While in Israel, she was particularly impressed by the communal living on the kibbutzim among Jews of different backgrounds, and in 1993 she launched Operation Unity. Her plans called for taking groups of black and Latino high school students from the inner city to Israel for two months to live on a kibbutz. Using her contacts in Hollywood and among politicians, educators and religious leaders, Lommel raised enough money to send four groups of 15 students each and some of their teachers.

“Most of the youngsters knew nothing about Jews, except for the usual negative stereotypes,” Lommel said. “After the trip, one Latina girl told me, ‘I met Jews who don’t have a lot of money,’ and an African American boy said, ‘On the kibbutz, they accepted me as me, not as someone who might snatch their purse.’ These were fairly typical comments.”

Lommel also shared their positive impressions, noting “I have never been accepted in America as I was in Israel.”

Influential network

As the JLC’s executive director, Lommel adheres to the organization’s motto -- “the voice of the Jewish community in the labor movement and the voice of the labor movement in the Jewish community” -- and says neither role is becoming easier.

America’s labor unions have been among Israel’s strongest supporters, but during the last year anti-Israel and pro-Palestinian voices have become louder. During a recent California AFL-CIO convention, a resolution was introduced, but ultimately rejected, to condemn Israel for the bombing of the Palestinian trade union headquarters. (The bombing never happened, says Nye, who was a convention delegate.)

JLC was founded on both coasts in 1934 by mostly Yiddish-speaking, European-born socialists, and though its leadership passed to an American-born generation after World War II, it always has had an unabashedly liberal agenda. JLC has never had a large membership, and in terms of size and resources it ranks well down the list of large Jewish organizations in Los Angeles, a city with about 550,000 Jews.

Lommel runs what is essentially a one-person office on an annual budget of $70,000, of which $30,000 comes from the Jewish Federation of Greater Los Angeles and the rest from an annual fundraiser and dues paid by about 400 California members. However, JLC’s “power has never been defined by numbers but by its network of influential people, particularly in the American, European and Israeli labor movements,” said Kenneth Burt, a Sacramento-based union official who is writing a book on the Jewish labor movement in California.

The supermarket strike took up much of Lommel’s energy, but now she is refocusing on her priority for the JLC. “There is a perception that not too many Jews are still in labor unions, but that’s wrong. I want to enlist the thousands of young Jewish union members working as teachers, social workers and engineers, on newspapers, in public service and the entertainment industry.”

As the director of a liberal organization, Lommel also must confront whether the well-established Jewish community and its leadership still are listening to progressive voices. Veteran labor lawyer Jack Levine, for one, fears that the Jewish Federation, the umbrella organization for the organized Jewish community in L.A., is becoming more conservative and identifying less with the aspirations of the labor movement.

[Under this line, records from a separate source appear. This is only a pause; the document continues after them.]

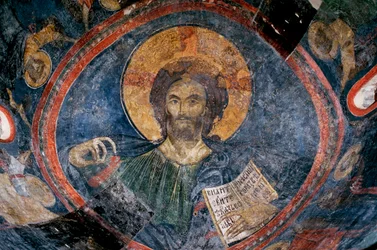 Cristo Pantocrator - Anónimo - Século XIII - Fresco - Igreja Boyana, Sofia, Bulgarie ©FineArtImages/Leemage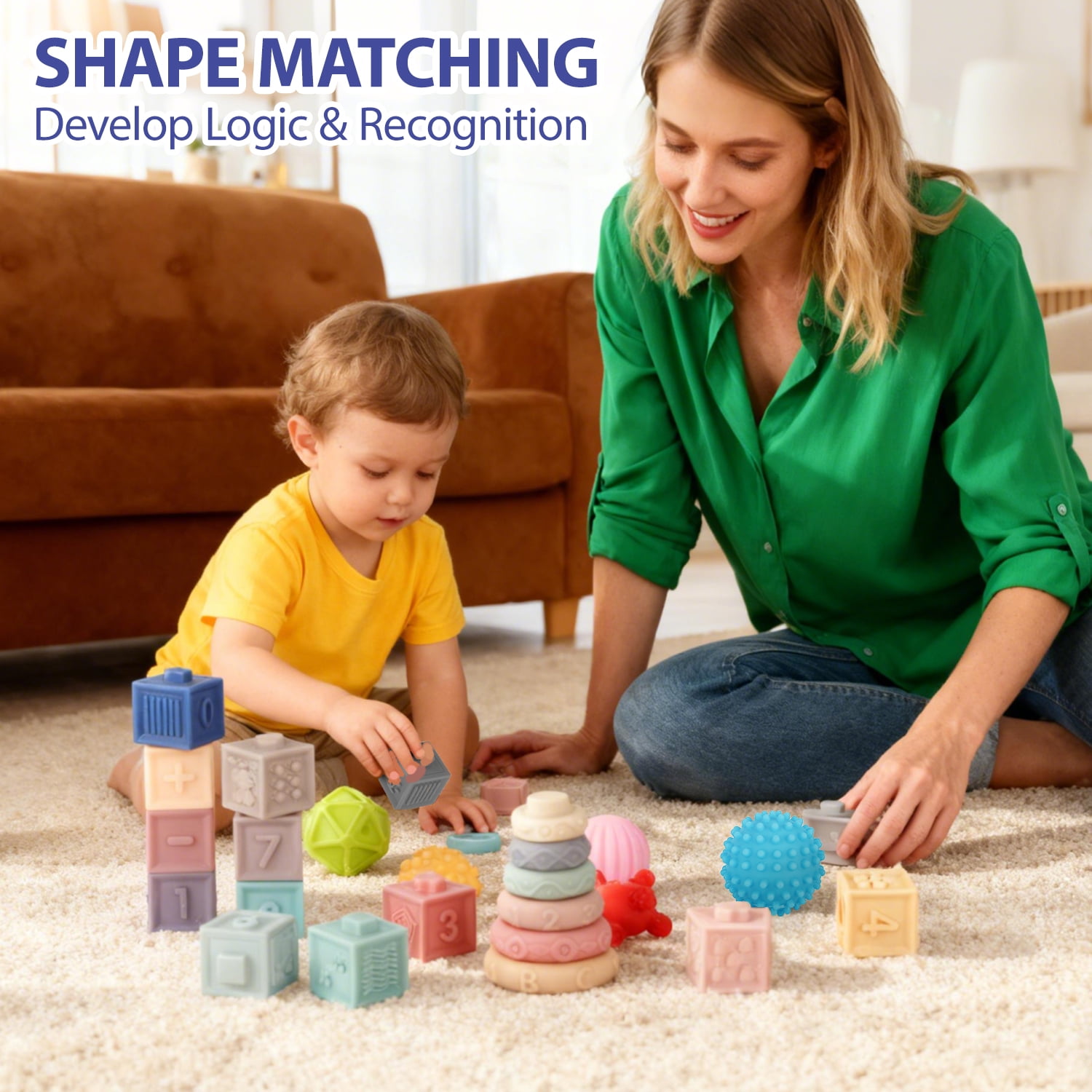 Askmuse 24PCS Montessori Toys,Baby Blocks Stacking Rings,Soft Teething Stacking Toy Set,Multi-Sensory Learning Play,Sensory Balls for Baby Toddler Development,for Ages 6M+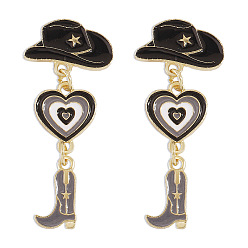 Black Enamel Heart Cowboy Hat Boot Dangle Stud Earrings, Alloy Jewelry for Women, Black, 57x24mm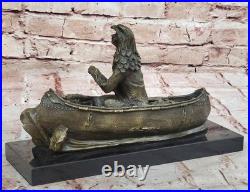 New Big Sky Carvers Bronze Sculpture Original Milo Canoe Trip Bear Bears Gift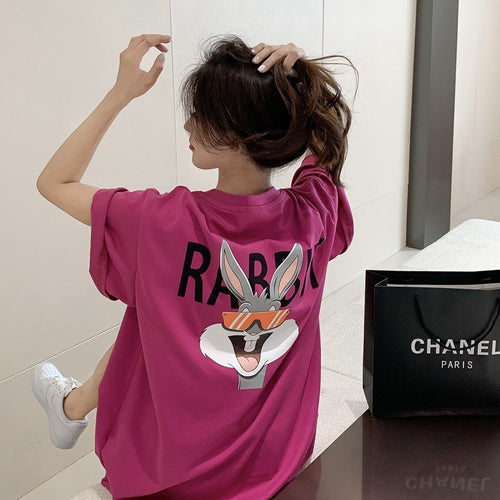 Dame T-shirt med kreativt cartoon-motiv og afslappet pasform Stilla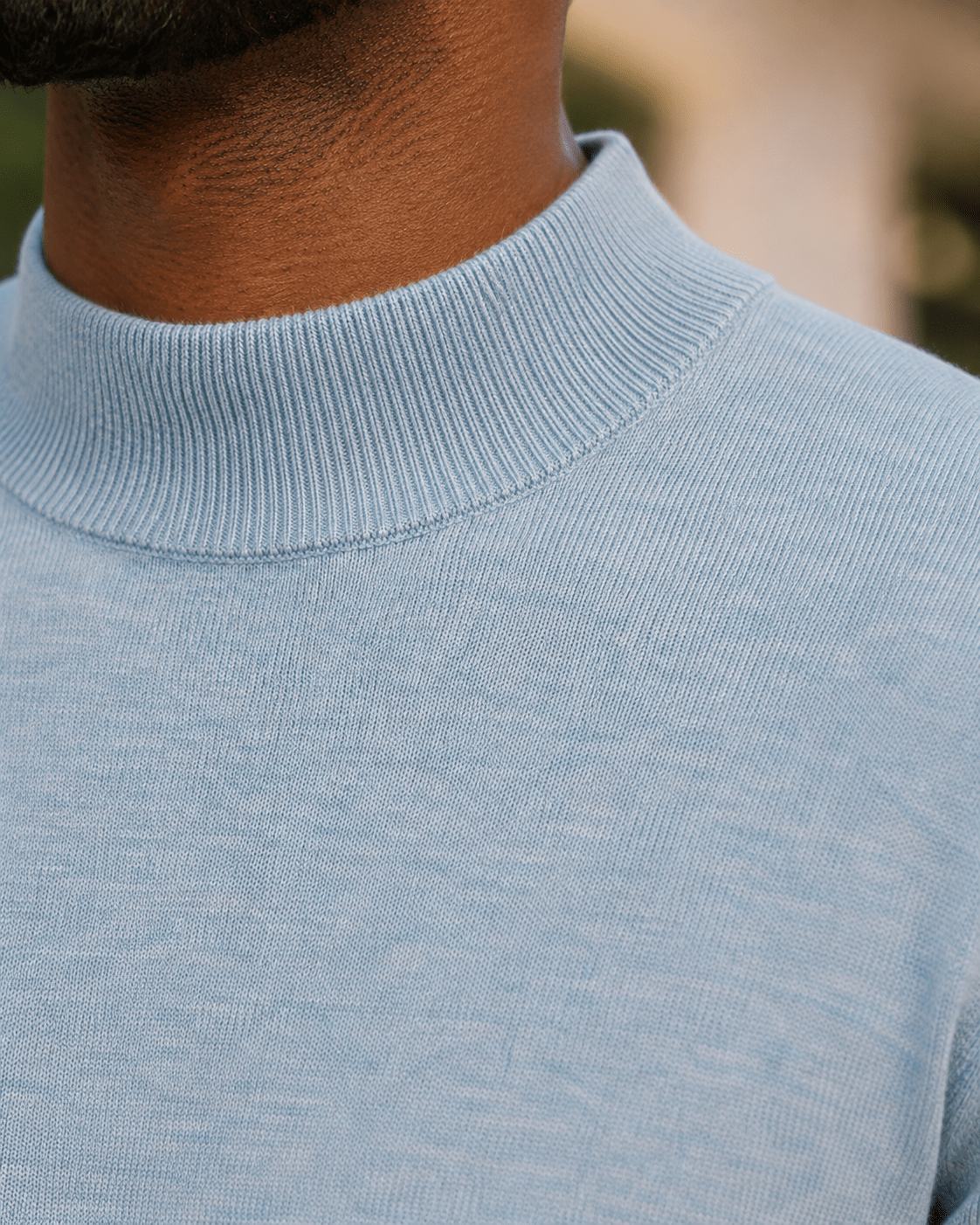 Cotton-Blend Mock Neck Sweater - F/X Fusion - Mock Neck Sweater - #color_Slate Heather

“The Jews here have forgotten that their parents and grandparents were immigrants,” said Louis Senensieb, a JLC vice president.

John Fishel, president of the Jewish Federation, and former Rep. Mel Levine believe this view is an oversimplification.

“Obviously, the Jewish community of 2004 is not the same as it was in 1984,” said Fishel. “We are bigger, we are more spread out and we are more diverse in our ideologies and religious practices. We are not driven by our donor base, but we are consensus-driven. To represent such a diverse constituency, we cannot speak out publicly on all issues.”

In this environment, Lommel wants to build a coalition, “first among different ethnic labor groups, and secondly among progressive organizations within the Jewish community.”